“Pengurus memang sempat menghubungi orang tua korban, tapi bukan untuk memberi penjelasan, hanya menenangkan. Sementara pak kiai sama sekali belum berani bertemu dengan wali santri,” ujarnya.
Hamida juga menyoroti dugaan kelalaian dalam pembangunan musala empat lantai tersebut. Dia menilai, struktur bangunan tidak memenuhi standar keamanan, terutama karena bagian atas masih dalam proses pengerjaan saat digunakan untuk kegiatan ibadah.
“Bagaimana mungkin lantai atas masih dalam tahap pengecoran basah, tapi lantai bawah sudah dipakai untuk salat. Itu fatal,” ucapnya.

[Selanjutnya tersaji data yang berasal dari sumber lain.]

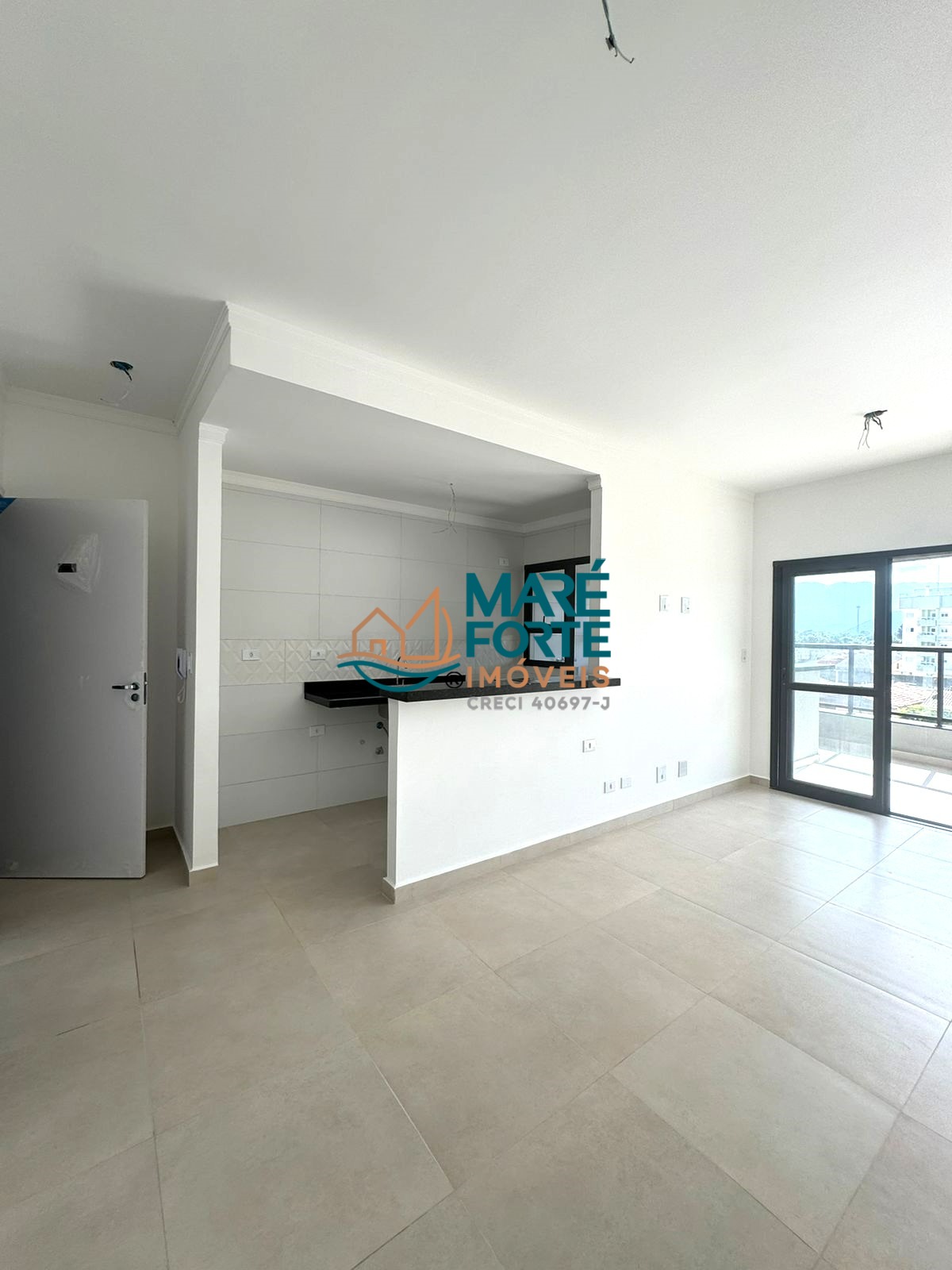 Apartamento à venda com 2 quartos, 69m² - Foto 1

Dia menilai, kelalaian dalam konstruksi menjadi faktor utama yang menyebabkan banyak korban berjatuhan. Sebab itu, keluarga korban menuntut agar aparat penegak hukum mengusut tuntas siapa yang harus bertanggung jawab atas bencana ini.
Hamida dan keluarga besar korban mendesak Polda Jawa Timur untuk menindaklanjuti dugaan kelalaian tersebut secara hukum. Mereka meyakini ambruknya bangunan tidak disebabkan faktor alam, melainkan kelalaian manusia yang harus dipertanggungjawabkan secara pidana.

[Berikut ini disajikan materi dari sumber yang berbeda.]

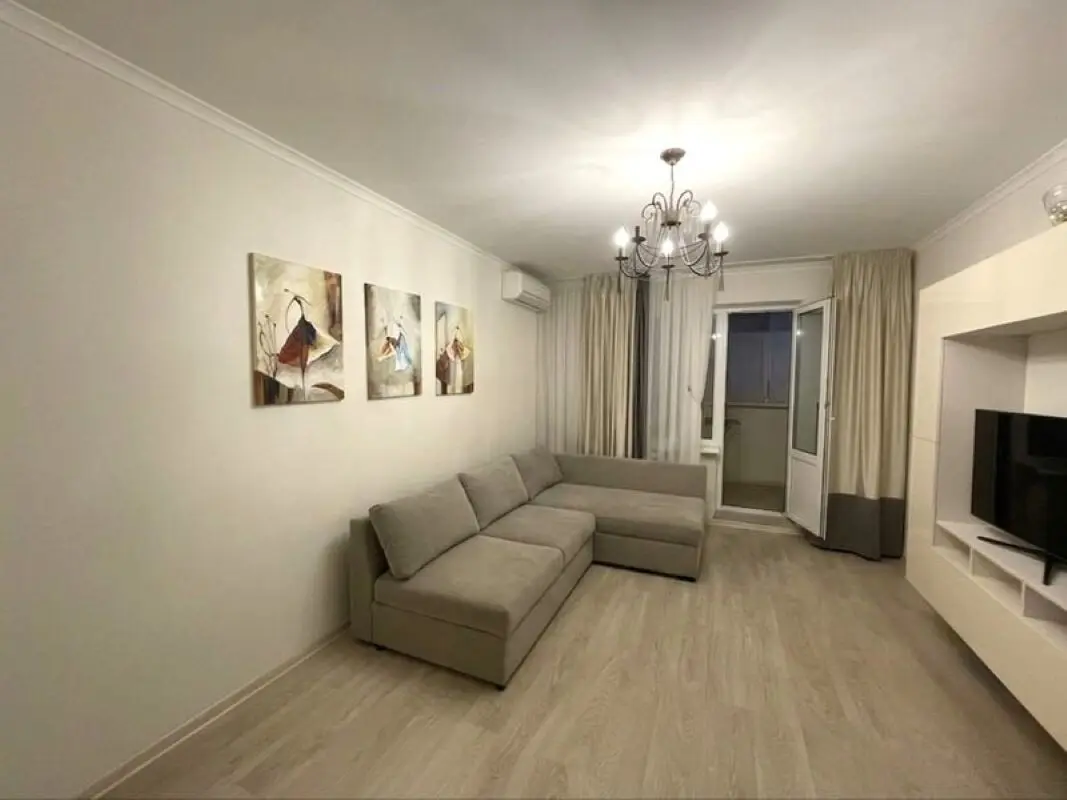 Фото Selling a 2-room apartment, 75 sq.m., Mykoly Zakrevskoho Street (Myloslavska Street)  Kyiv, price: 87000 $, code 7504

“Keluarga kami mendorong kepolisian agar melakukan penyelidikan menyeluruh. Ini sudah masuk ranah pidana. Harus ada pihak yang bertanggung jawab karena bangunan itu tidak ambruk secara alami,” katanya.
Sementara Menteri Koordinator Bidang Pemberdayaan Masyarakat (Menko PM) Muhaimin Iskandar atau Cak Imin mengungkapkan pihak kepolisian telah bergerak untuk mengusut ambruknya Ponpes Al Khoziny, Sidoarjo, Jawa Timur.

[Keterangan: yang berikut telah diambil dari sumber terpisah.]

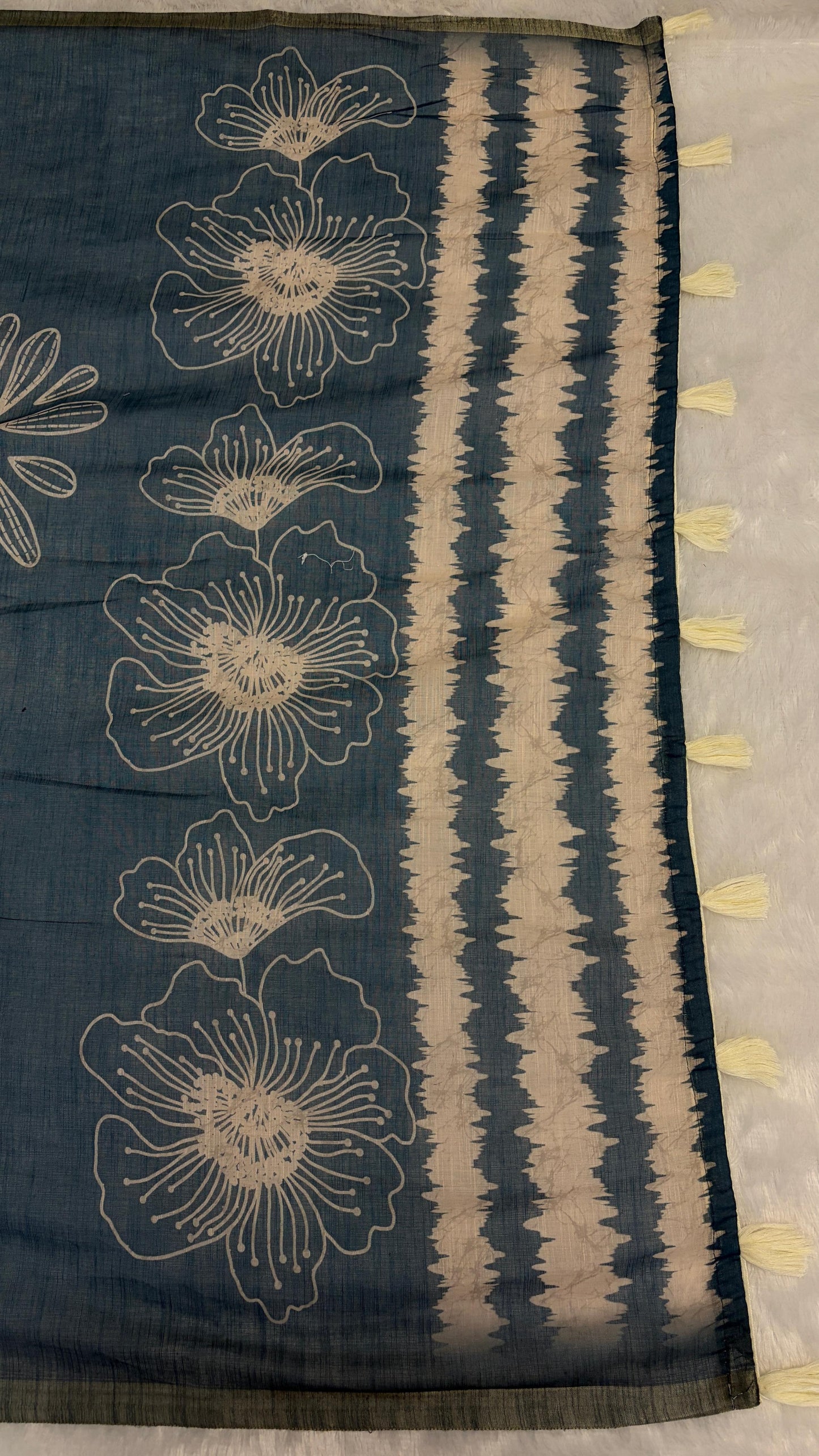 Cotton Linen Flower Print Saree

Menurut informasi Badan Nasional Penanggulangan Bencana (BNPB) tercatat sebanyak 61 korban meninggal akibat kejadian tersebut.
“Saya dengar sudah bergerak. Kepolisian sudah bergerak,” kata Cak Imin usai bertemu Menag Nasaruddin Umar di kediamannya di Widya Chandra, Jakarta Selatan, Selasa (7/10/2025).
Cak Imin pun menyebut polisi sudah memanggil sejumlah pihak. Meski begitu, dia tidak merinci siapa saja yang telah dipanggil oleh Kepolisian.
“Bahkan sudah memanggil pihak-pihak. Kita tunggu aja,” katanya.